Thursday, May 17, 2007

 

Book Extracts, No. 2 in a series

This, from 'The paperweight wars' :

Right now, Simon Garry was angry with himself.
Angry, because he'd allowed himself to fall .
Hungover. Remorseful. Suffering the pcbb’s (post cocaine binge blues) - about as low as it ever gets.
He collapsed back into his bed and took a long, hard look at his life; how he had so much opportunity yet had squandered so much creative energy on hedonistic indulgences.
He thought about his ex-wife Julie and their two little boys, Samuel and James, who were probably, right now, throwing a football around the yard of the home Simon had set them up in, in Walnut Creek.
Simon needed to see them. Soon.
He thought about his own childhood, his time with the 'Angels, his time wasted on hard drugs and his fortuitous escape to the good life.
He thought about his parents; a father who had been blinded in a freak accident then died from an alcohol-related physical breakdown when Simon was fourteen years old. And his mother who had somehow survived all the stresses only to be killed, murdered in a convenience store shoot out.

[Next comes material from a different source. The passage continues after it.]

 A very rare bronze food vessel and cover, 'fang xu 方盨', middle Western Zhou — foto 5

This day had been the worst Simon had ever known. It took three years, until he was 24, for him to come to terms with what was such an unnecessary death; an innocent bystander caught in the crossfire of evil.
He had come to terms with the anger, but he still felt some guilt about the anguish he had caused this woman as she fought to guide him through his teens.
He thought about his God, the power inside that he failed to understand but had faith in all the same.
He thought about the story he'd heard many years before at a Narcotics Anonymous meeting, about a man who had questioned his own God: "Back then , when I was so low, I walked the beach. I looked back but there was only one set of footprints in the sand. Where were you when I needed you so badly?"
"Yes, there was only one set of footprints in the sand" came the reply, "because I was carrying you".
He thought about himself. From the outside he had the life and the opportunity that a lot of people dreamed of. Yet, he had nothing.
He thought.
He cried.
Eventually, he drifted into a sleep that, for a moment, he wished was death.

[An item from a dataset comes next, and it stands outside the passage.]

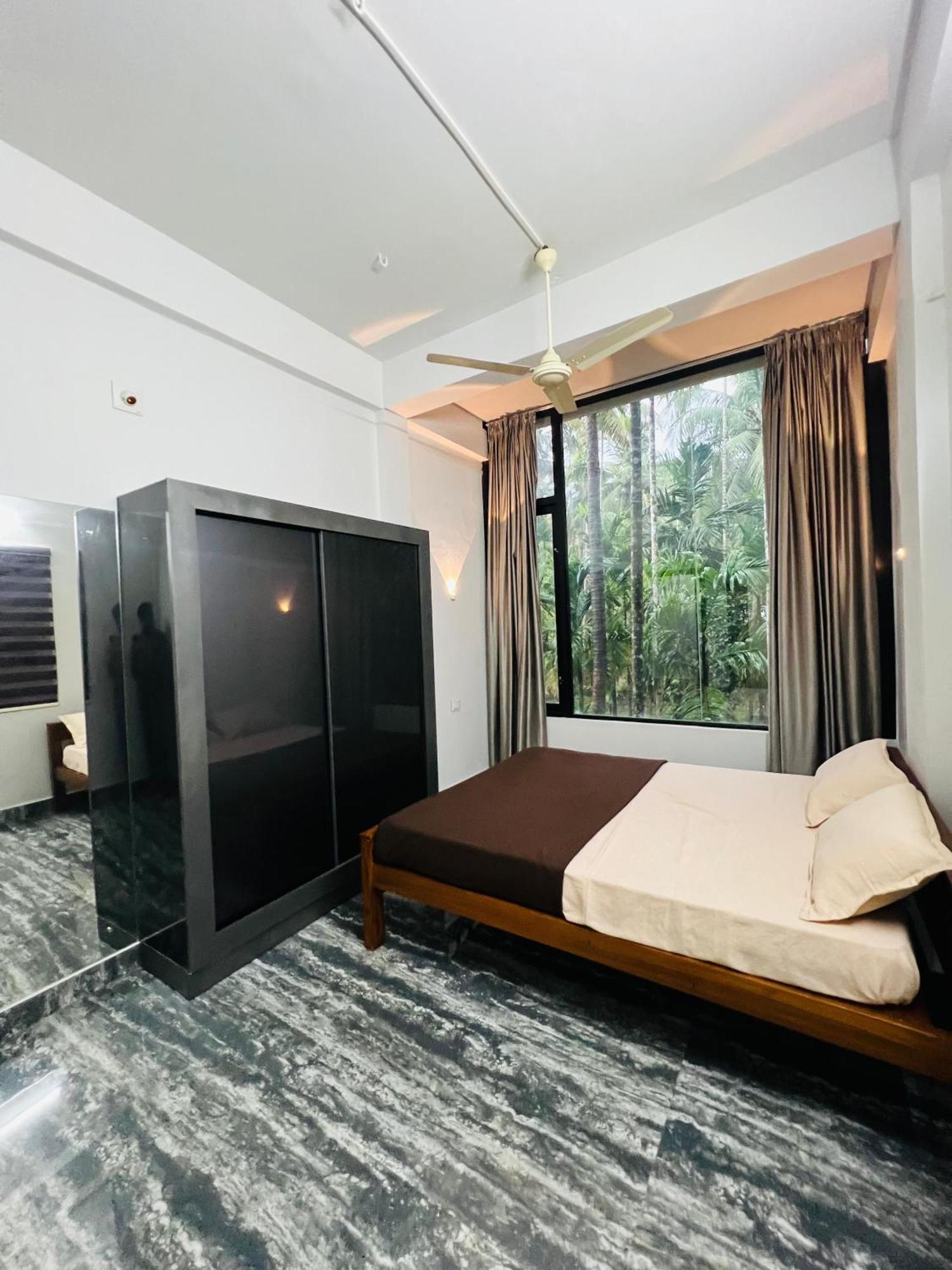 Nest Homes Nilambūr Exterior foto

Simon woke again at around ten pm.
He was still feeling jaded, but feeling a lot better than he had earlier; tears are sometimes a good cleanser.
After another shower he walked to his safe and carefully wound in the combination. From a white cardboard box he lifted a small, glass ampoule and an unopened, disposable hypodermic syringe.
He snapped the top off the ampoule, its no-nonsense label proclaiming the contents: 'Morphine Sulphate.' With the precision of a medic, he drew the liquid up into the syringe, then held it upside down to expel the air bubbles. The needle entered the vein, blood flowing back into the 10CC syringe. He released the pressure of the belt around his arm and gently worked the plunger home. Within 2 seconds, the rush - the warm, prickly glow that only a junkie knows - coursed his body and settled knowingly in his brain ready to write the scripts for opiate dreams.